# Edge TiVo used with T-Mobile internet



## Old Roamio 0 (Jul 19, 2020)

I have an Edge TiVo. I like to use it to watch TV. I like the remote. 
T-Mobile internet seems to make my TiVo Account disappear -on Edge.
I
have T-Mobile internet. (The box in this case, not a cell phone) It is fast, but unreliable most days. (Speeds of 100-300 range at night, but 0 to 10 during the peak times or when it just quits for no reason.) I also still have a slow cable internet plan I keep as a backup.)

TiVo on T-Mobile connects well. But a pop-up later comes on that says no TiVo service. So it does not pause or rewind Live TV. No new recording -scheduling- of shows can be done. But: Old scheduled recordings continue as was. 

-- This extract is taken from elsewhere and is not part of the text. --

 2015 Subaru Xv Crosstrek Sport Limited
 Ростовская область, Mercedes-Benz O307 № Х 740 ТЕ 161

Unplugging the Ethernet and using the old cable tv WiFi - makes it work again.

T-MOBILE doesn't have a data cap. (It's main good point.) We like streaming the apps on TiVo with the Ethernet attached to the T-Mobile also became it is speedier than local cable in the neighborhood.


----------



## Old Roamio 0 (Jul 19, 2020)

It could be the router though. But, T-Mobile doesn't always work with different apps hit and miss. On YouTube they say it might be because the gateway doesn't bridge to a router so 2 NAT issues.


----------



## JLV03 (Feb 12, 2018)

What if you setup a fail over connection on a router between your two ISPs, would that work? I know ASUS routers allow for two connections with a choice of load balance (wouldn't work in this case as the ISP speeds are different) or fail over.


----------



## Old Roamio 0 (Jul 19, 2020)

Hi. Thanks. I don’t know what a fail over connection is. 

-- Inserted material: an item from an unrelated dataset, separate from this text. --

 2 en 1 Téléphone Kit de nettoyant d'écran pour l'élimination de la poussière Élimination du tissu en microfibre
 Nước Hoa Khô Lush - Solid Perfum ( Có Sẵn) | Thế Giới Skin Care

I just thought of something - it’s a wired connection between the T-Mobile gateway box and the TiVo. I have a router on the other Lan output. (It has 2 Lan ports.)

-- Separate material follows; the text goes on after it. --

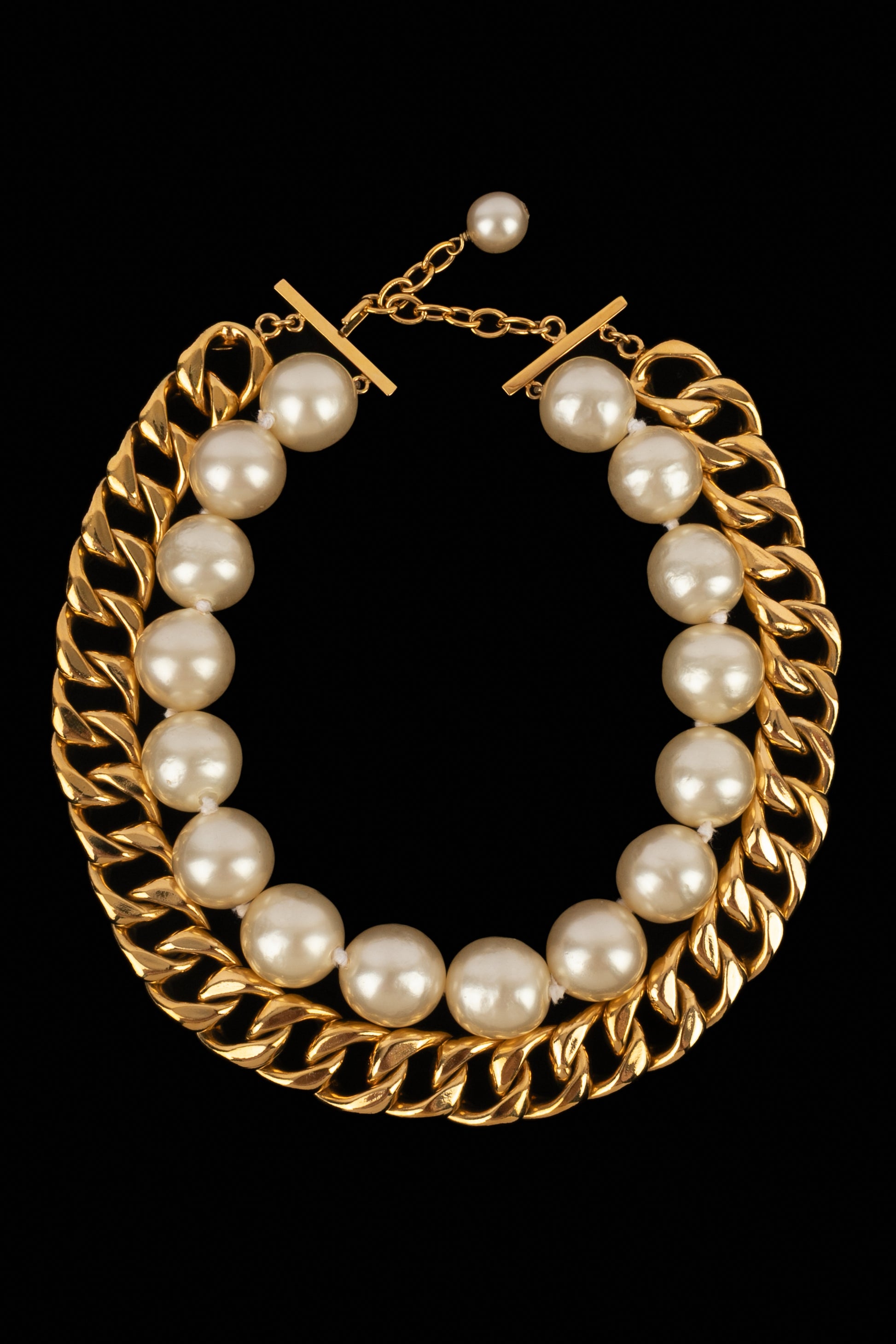 Collier Chanel Hiver 1991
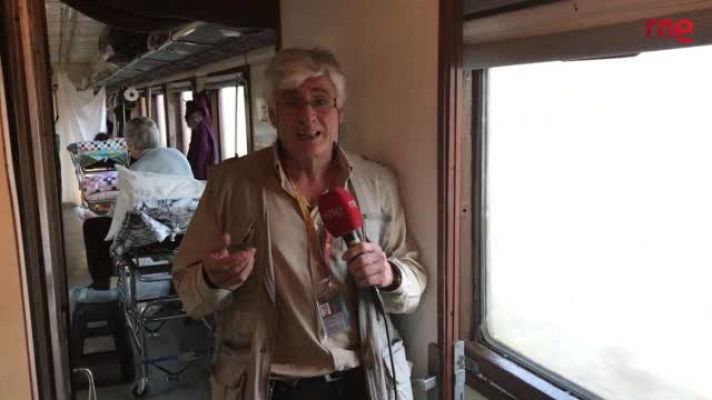 Radio 5 Actualidad - El tren medicalizado de Médicos Sin Fronteras: un viaje hacia la vida en medio de tanta muerte - Escuchar ahora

I plugged the Ethernet wire back in, and this morning it is back working. .. For how long I don’t know.

Thank you.


----------



## JLV03 (Feb 12, 2018)

Fail over means that if one ISP fails then another takes over. In your case, you would set the T-Mobile as the primary as it is the fastest/cheapest/less restrictive data cap. When that fails, the router would automatically transfer to the backup ISP. 

Of course this is all in theory, I have no practical experience doing this. I also don't know "how" your T-Mobile ISP fails - it might not fail enough to trigger the router to transfer.


----------